Because both chambers have now agreed, the funding can’t be cut by negotiators in conference committee, either.
Then, the not-so-great, not really news: You might recall that last year, lawmakers redefined full funding. To make it easier to hit that target, the General Assembly reinstituted a 5 percent growth cap on a key component of the formula for per-pupil funding.
Finally, the still uncertain: With the power of a line-item veto, Gov. Eric Greitens could still undo the $45 million more in basic aid that state senators approved this week, in a vote of 19-14, bringing the total state aid to $3.4 billion.
Republican leaders continue to oppose the funding on the grounds that it will force cuts elsewhere in the budget.

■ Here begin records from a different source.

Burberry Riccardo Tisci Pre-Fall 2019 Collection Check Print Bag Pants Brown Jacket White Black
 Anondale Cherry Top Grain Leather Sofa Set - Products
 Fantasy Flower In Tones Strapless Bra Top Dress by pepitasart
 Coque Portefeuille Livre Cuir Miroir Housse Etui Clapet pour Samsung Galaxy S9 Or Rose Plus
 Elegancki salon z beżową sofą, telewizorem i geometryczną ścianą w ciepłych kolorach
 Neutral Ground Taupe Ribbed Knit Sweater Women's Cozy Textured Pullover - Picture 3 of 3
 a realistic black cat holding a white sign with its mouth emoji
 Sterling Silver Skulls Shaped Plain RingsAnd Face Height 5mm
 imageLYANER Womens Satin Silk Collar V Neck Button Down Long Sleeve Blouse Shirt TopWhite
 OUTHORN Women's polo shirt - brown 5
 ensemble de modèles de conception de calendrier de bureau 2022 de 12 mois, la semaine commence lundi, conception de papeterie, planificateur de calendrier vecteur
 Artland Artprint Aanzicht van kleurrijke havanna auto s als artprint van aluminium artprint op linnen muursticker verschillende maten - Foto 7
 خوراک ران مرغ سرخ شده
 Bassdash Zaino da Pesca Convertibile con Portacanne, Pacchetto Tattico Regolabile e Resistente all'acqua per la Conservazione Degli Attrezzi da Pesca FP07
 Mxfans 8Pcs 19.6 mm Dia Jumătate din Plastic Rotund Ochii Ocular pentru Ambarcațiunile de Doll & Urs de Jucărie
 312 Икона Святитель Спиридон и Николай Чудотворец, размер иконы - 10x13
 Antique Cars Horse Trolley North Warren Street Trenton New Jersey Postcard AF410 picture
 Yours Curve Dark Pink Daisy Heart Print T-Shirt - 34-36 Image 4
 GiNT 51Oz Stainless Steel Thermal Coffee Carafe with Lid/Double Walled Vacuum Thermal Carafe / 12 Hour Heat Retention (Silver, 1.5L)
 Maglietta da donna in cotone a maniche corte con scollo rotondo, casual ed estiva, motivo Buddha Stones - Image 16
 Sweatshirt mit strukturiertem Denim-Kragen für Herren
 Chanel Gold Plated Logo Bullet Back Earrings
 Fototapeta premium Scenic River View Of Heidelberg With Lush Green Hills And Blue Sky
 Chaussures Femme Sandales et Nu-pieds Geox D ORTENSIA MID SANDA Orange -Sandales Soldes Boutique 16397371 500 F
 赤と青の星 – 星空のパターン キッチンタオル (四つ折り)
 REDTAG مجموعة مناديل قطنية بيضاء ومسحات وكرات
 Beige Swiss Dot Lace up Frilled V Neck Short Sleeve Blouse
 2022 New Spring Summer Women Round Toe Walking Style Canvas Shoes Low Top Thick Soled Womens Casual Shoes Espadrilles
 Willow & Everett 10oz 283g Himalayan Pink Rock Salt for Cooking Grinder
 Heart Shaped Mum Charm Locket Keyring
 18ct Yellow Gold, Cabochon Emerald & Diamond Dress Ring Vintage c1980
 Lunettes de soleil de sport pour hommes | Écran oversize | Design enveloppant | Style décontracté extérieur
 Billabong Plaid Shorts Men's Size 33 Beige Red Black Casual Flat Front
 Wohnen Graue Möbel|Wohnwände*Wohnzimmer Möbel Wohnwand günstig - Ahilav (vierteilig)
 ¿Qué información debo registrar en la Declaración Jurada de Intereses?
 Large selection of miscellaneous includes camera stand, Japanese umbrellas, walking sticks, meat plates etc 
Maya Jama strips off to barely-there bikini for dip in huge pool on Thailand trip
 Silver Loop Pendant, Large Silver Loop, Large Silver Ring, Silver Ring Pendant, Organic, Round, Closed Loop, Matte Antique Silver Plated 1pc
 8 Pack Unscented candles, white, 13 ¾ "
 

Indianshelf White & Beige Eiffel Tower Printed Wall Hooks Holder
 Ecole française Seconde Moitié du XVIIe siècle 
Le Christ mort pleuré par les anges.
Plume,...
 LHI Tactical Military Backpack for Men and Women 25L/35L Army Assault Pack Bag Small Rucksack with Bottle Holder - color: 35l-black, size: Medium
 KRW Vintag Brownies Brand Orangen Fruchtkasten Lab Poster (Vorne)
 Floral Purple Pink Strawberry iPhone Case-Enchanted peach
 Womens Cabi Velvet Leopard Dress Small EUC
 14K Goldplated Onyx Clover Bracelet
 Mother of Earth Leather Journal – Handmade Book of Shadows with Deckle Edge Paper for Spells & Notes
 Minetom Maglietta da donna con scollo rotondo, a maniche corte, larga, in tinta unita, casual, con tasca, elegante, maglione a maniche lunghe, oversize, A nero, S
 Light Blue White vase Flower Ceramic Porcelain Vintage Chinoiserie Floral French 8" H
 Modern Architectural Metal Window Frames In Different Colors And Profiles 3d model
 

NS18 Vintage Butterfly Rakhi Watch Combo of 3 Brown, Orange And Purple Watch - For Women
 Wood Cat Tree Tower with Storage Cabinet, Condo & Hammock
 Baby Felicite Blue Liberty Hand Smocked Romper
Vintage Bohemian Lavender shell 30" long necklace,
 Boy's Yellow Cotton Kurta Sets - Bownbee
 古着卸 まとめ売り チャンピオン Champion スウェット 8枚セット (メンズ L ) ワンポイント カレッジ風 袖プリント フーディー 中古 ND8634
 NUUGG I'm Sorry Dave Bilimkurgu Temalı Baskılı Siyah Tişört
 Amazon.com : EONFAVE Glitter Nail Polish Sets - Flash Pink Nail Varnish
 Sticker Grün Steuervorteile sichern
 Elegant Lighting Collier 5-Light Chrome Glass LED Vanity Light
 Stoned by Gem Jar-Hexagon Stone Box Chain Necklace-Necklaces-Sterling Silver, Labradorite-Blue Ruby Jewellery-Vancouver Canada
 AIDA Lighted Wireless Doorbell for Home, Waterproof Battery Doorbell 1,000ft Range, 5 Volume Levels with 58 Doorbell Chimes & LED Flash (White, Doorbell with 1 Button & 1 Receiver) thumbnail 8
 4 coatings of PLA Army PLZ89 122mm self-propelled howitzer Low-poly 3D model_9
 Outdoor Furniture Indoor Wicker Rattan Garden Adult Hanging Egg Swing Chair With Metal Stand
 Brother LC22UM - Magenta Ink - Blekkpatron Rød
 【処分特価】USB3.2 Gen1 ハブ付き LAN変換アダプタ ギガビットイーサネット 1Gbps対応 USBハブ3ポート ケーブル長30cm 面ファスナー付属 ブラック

Some GOP members also complained about the process and objected to “rewriting the budget on the Senate floor.”
But there is no more urgent priority than funding the future by assuring Missouri children an adequate education.
And while process matters, the real objection seems to be that members stood up to their leadership.
Opponents are also unhappy that Missouri will now start paying somewhere between $20 million and $60 million for early childhood education under a 2014 law that said the requirement would kick in a year after full funding.
Some critics seem to feel that those who support fully funding public schools are just showing off.
“It’s a game,” Mokane Republican Sen. Jeanie Riddle told The Star, while accusing colleagues of “grandstanding.”
Maybe so, but we’d be glad to see the governor also decide to make a show of doing the right thing for Missouri students.
In truth, even this level of funding is inadequate.
Some senators who opposed the funding bill did so because, given the redefinition of “full funding,” it still falls short.
Some school administrators, too, worry that Missourians will think the under-funding problem has been solved.
It hasn’t been, but this bump is definitely an improvement that our highly political governor surely won’t want to single-handedly undo.